Jeudi 23 octobre 2025.

A des cérémonies de mariage, j’ai assisté. Je m’y suis volontiers pliée mais sans joie pure. J’avais vécu, jeune enfant déjà désabusée, le spectacle désolant du couple parental. Désolant. Ah, la photo des mariés, dans son cadre, sur le manteau de la cheminée. Intrigant noir et blanc de deux jeunesses aux bouches qui ne sourient pas.

Le mariage. Moue dubitative en arrière pensée, interrogation sinon incompréhension majeure, le refus inconscient d’un rite patriarcal. Passer l’anneau au doigt, se jurer fidélité et assistance, la farce sociale.

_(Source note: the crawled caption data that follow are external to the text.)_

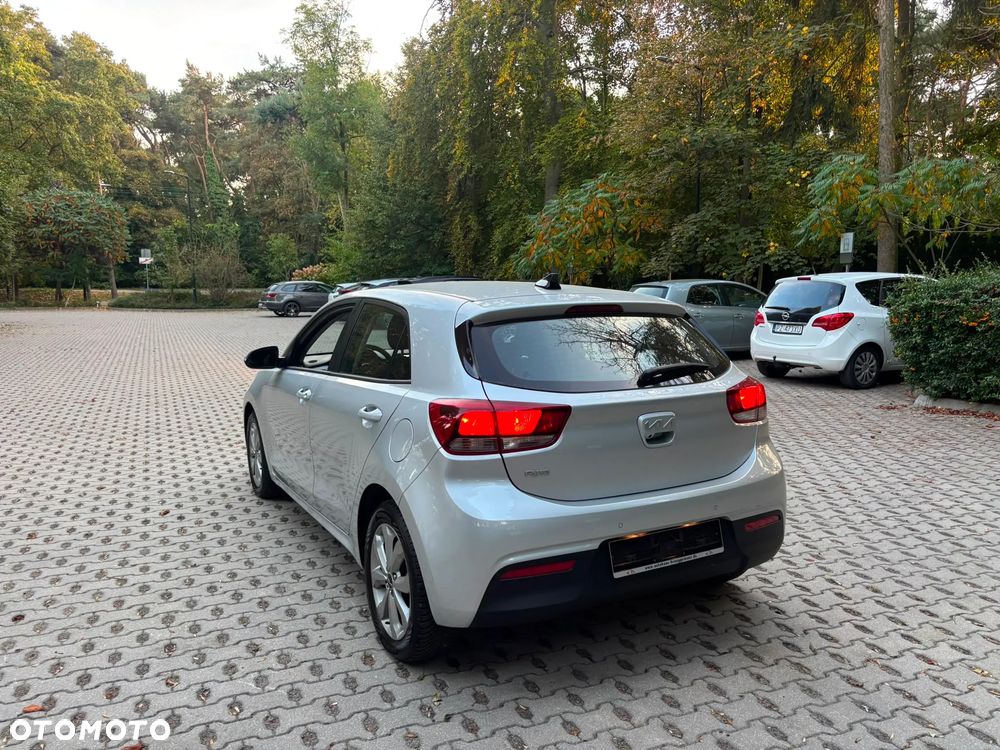 Kia Rio - 3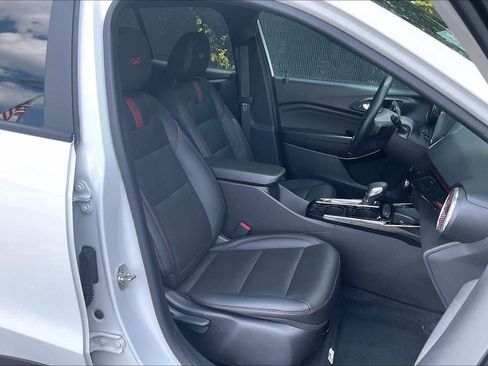 Used 2025 Chevrolet Trax RS w/ Sunroof Package FWD image 7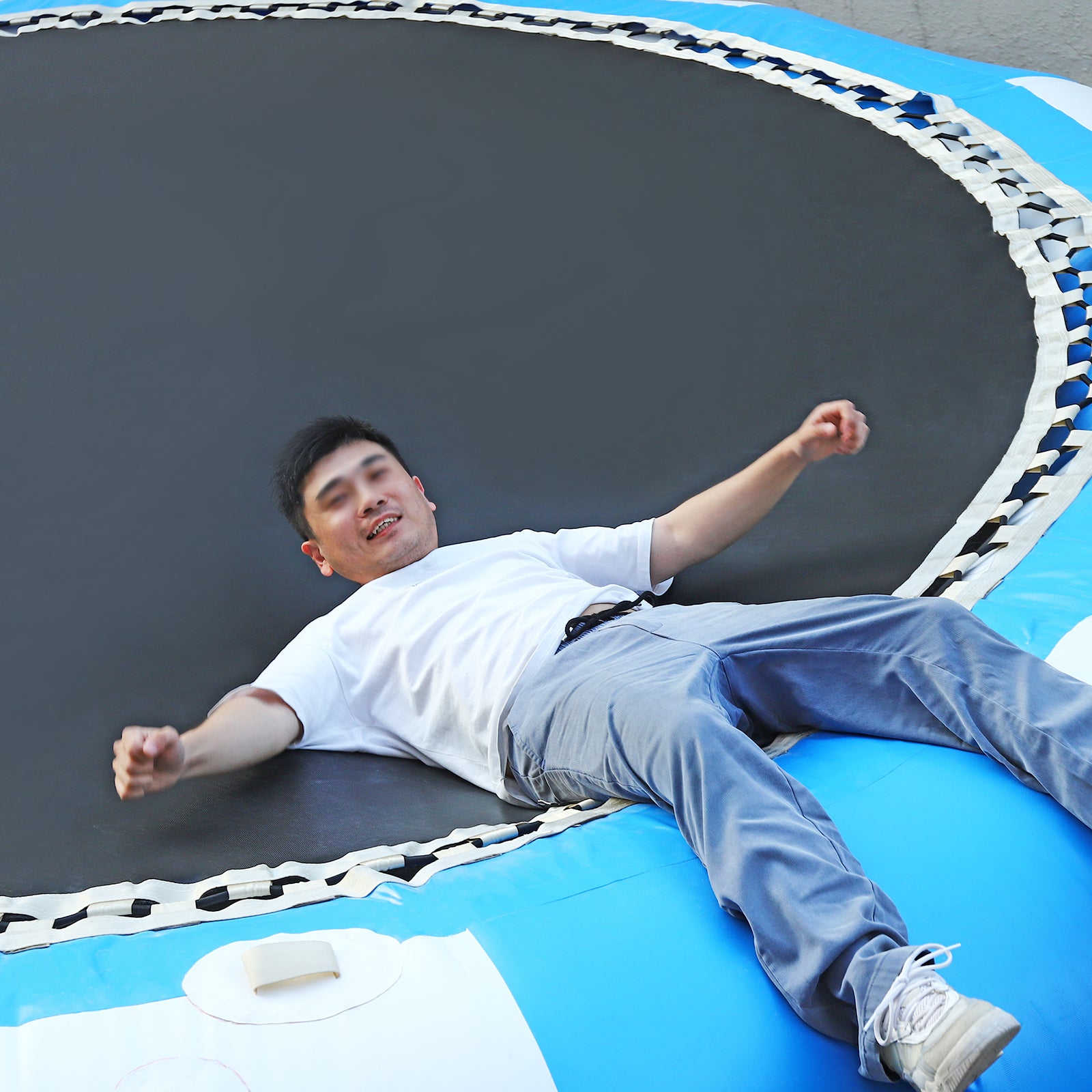 17ft Inflatable Water Trampoline Blue and White PVC Tarpaulin Max Capacity 400kg/ 880lb U1940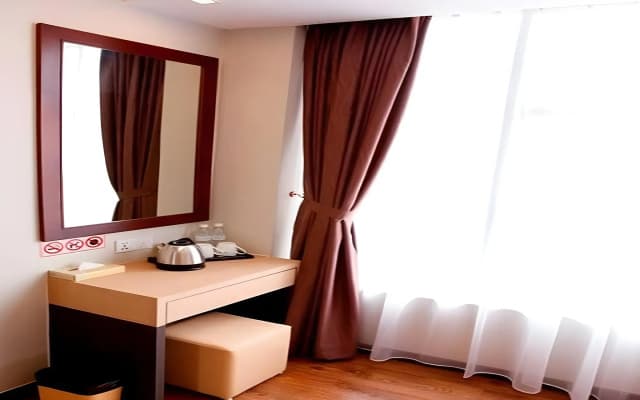 Lot 10 Boutique Hotel - photo 3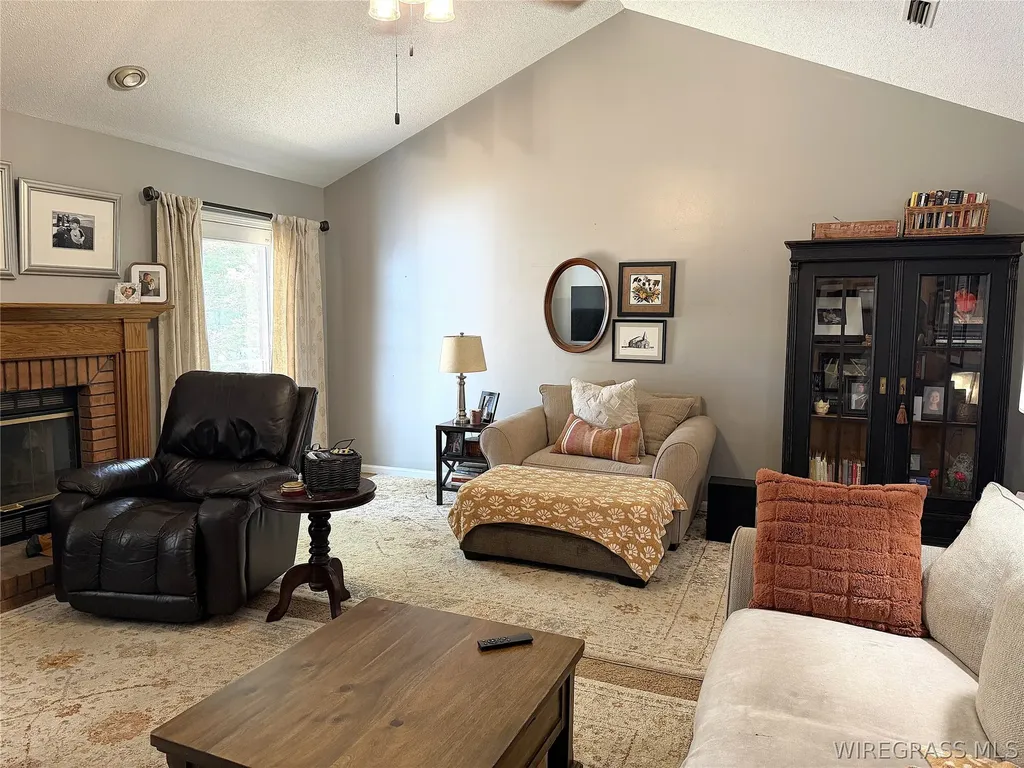 202 Wellston Drive Enterprise AL 36330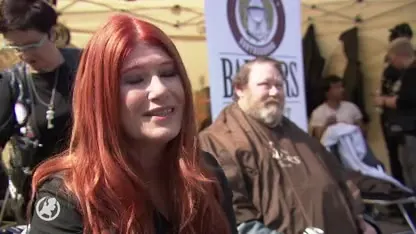 Barbieren geven dak- en thuislozen gratis knipbeurt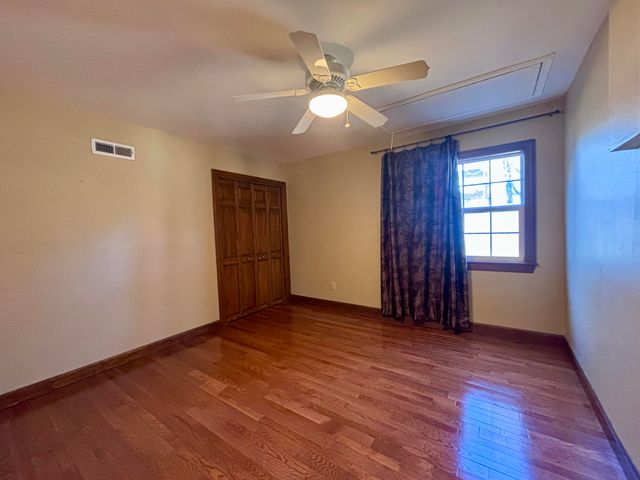 1456 S Bright Oak Avenue, Springfield, MO 65809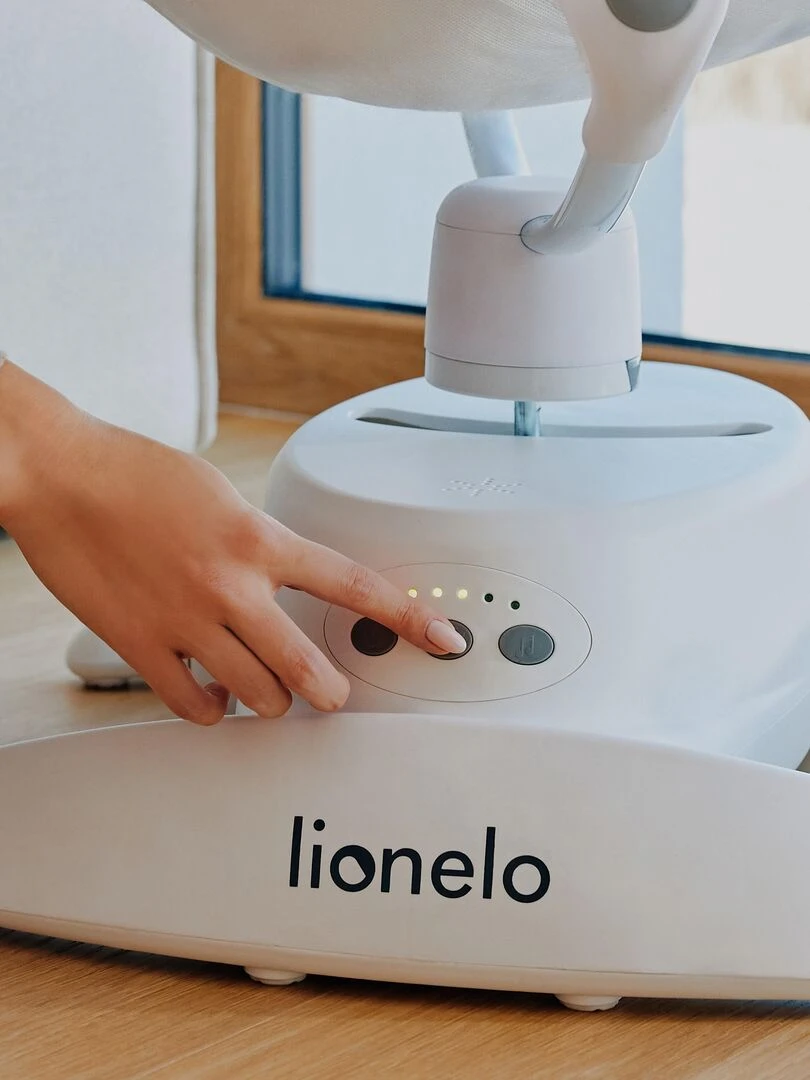 LIONELO Iris   Balancelle Bébé Électrique 360°   Léger   12 mélodies   3 modes   5 vitesse   Gris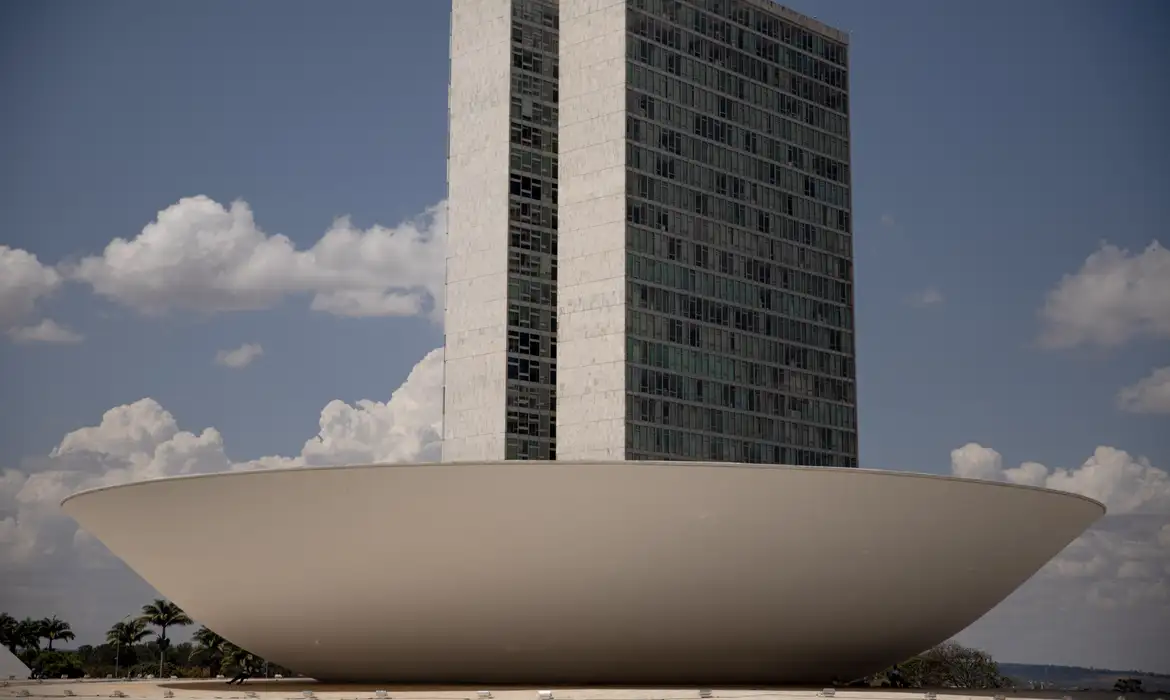 Motta cria comissão para analisar PEC que reduz maioridade penal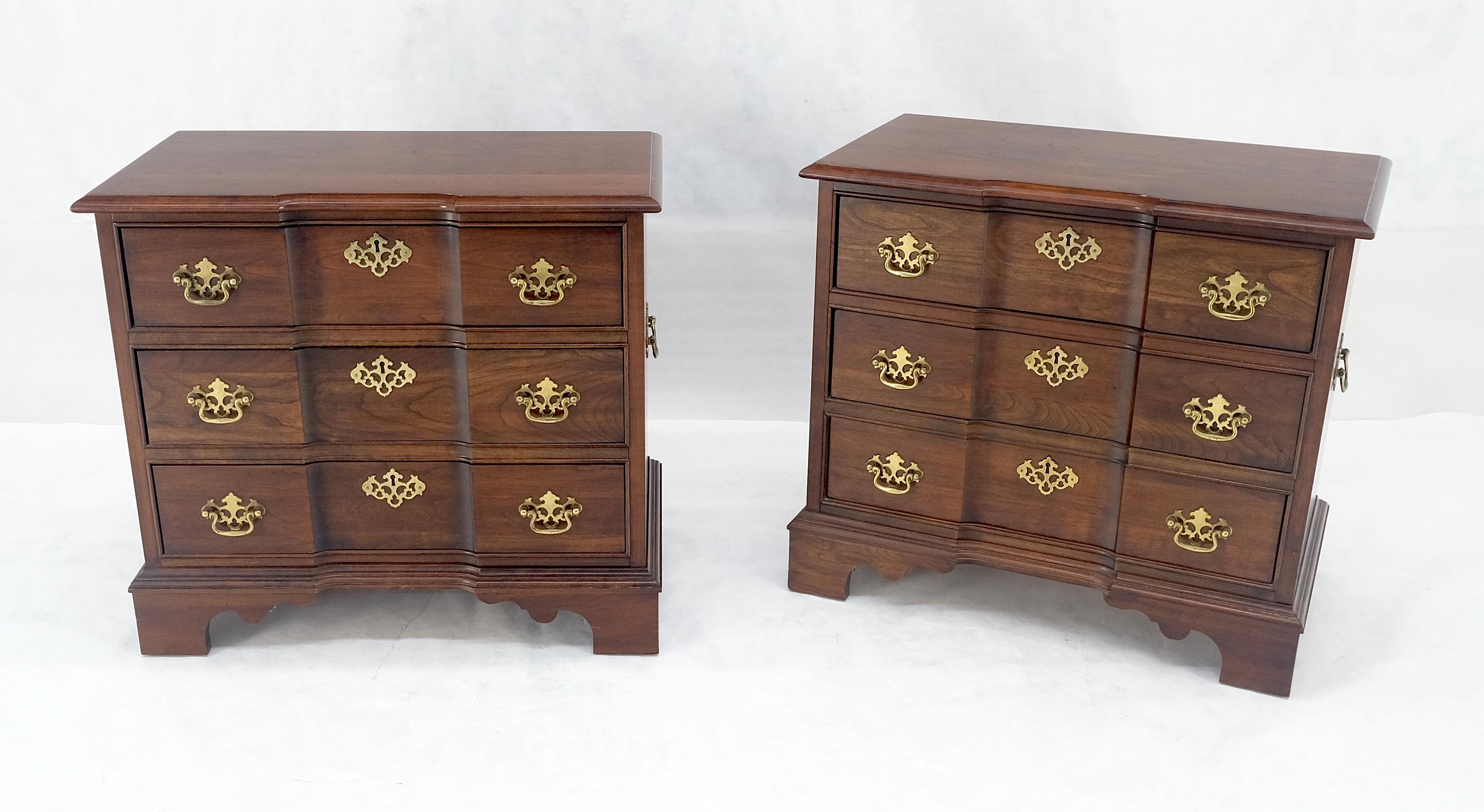Chippendale Pair of Solid Cherry 3 Drawers Block Front Nightstands End Tables Stands MIINT For Sale
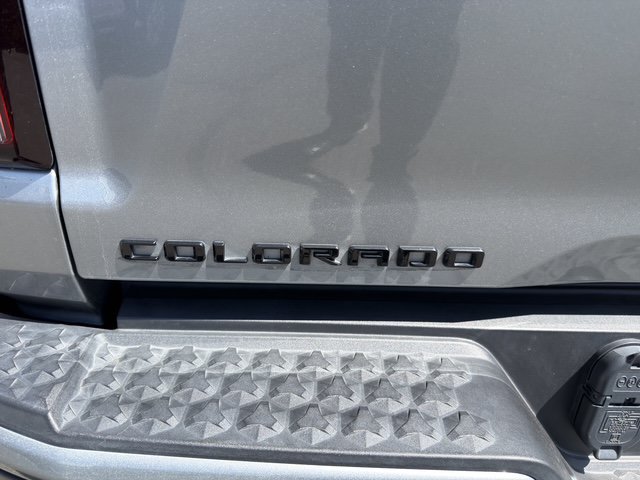 Used 2024 Chevrolet Colorado LT w/ LT Convenience Package III AWD/4WD image 45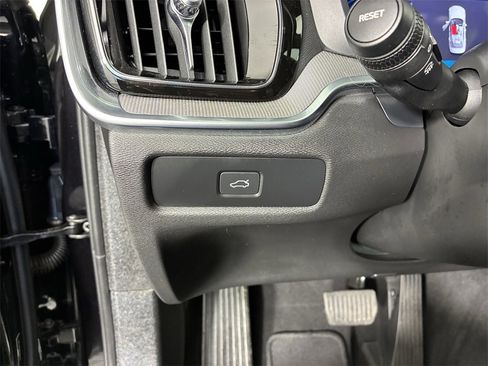 Used 2024 Volvo S60 B5 Plus image 18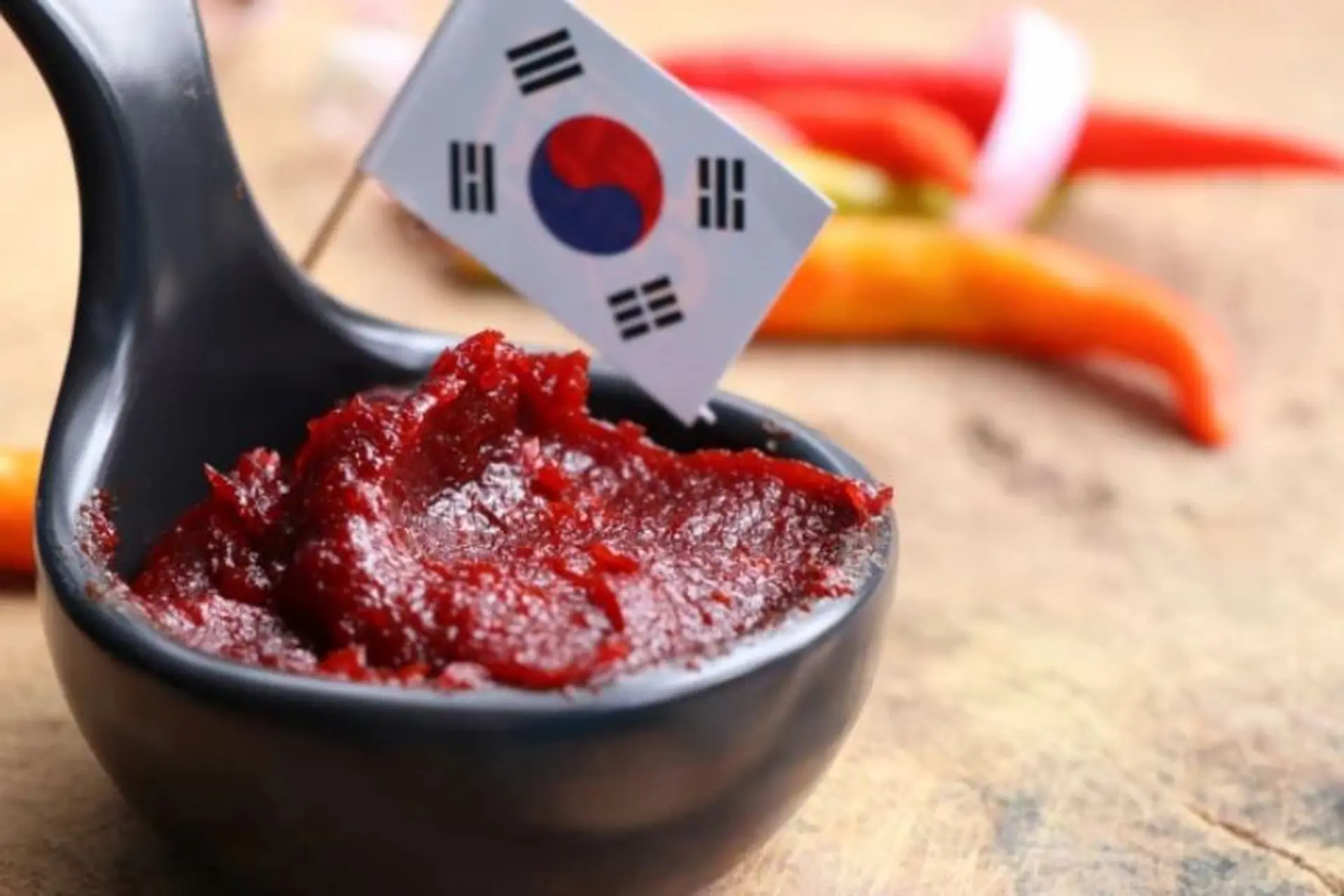 Sốt Gochujang là gì? Sốt Gochujang có vị như thế nào? Tìm hiểu một số loại tương ớt Hàn Quốc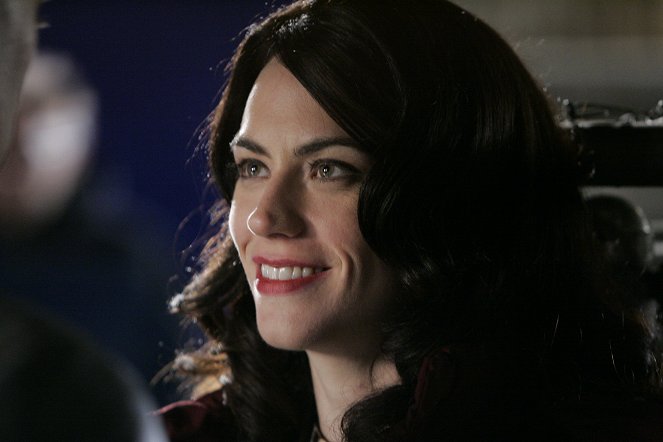 Mad Men - Marriage of Figaro - Photos - Maggie Siff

J’ai pourtant assisté au mariage de plusieurs de mes amies, du bucolique à l’ultra chic, dans les vignes bordelaises avec dress code de circonstances. J’ai également assisté, à mon corps maternel défendant, au mariage à l’obsolescence programmée de ma fille unique. Une brève escapade, fautive j’en conviens, m’avait valu d’être absente des clichés, de ceux que l’on conserve. De mauvais augure en quelque sorte. Dont acte.

Mais, bref, je m’égare car ce qui me passionne ce matin, c’est cette superbe mariée. Elle s’avance au bras raide et fier de son père, un brin coincé et pour cause, un père qui, sans aucun doute, l’aime sincèrement comme les géniteurs le font, généralement. Il est sérieux mais pas comme un pape. Elle est radieuse. Elle est grande, belle, sa longue chevelure brune cascade sur ses épaules nues, sous un très léger voile blanc. Le blanc qui éclaire, le blanc éclatant qui efface la noirceur du cruel, ou, peut-être pas. Nues, ses épaules, nue, sa gorge, nu, son décolleté. Elle irradie de beauté solaire. Des femmes l’entourent, belles aussi, nues d’épaules, aussi, nues de gorge, aussi. Le futur époux attend sa promise dans un décor opulent de famille riche, sous les acclamations de liesse familiale,

Oui, mais cette jolie jeune femme n’est pas n’importe quelle jolie jeune femme, c’est une jeune Iranienne. Non, pas de celles qu’on insulte pour une insolence de jeunesse. Non, pas de celles qu’on traîne sur les trottoirs pour quelques carrés de peau au soleil. Non, pas de celles qu’on piétine dans des manifestations de liberté empêchée. Non, pas de celles qu’on laisse pourrir lentement dans d’immondes geôles. Non; pas de celles qu’on assassine pour quelques mèches de cheveux montrées. C’est que, cette mariée, heureuse d’être dans ce décor clinquant au milieu des siens, à la chevelure librement ondulante, nue de peau, est la fille d’un dignitaire du régime iranien des mollahs. Hallucinant ! Ubuesque ! Orwellien !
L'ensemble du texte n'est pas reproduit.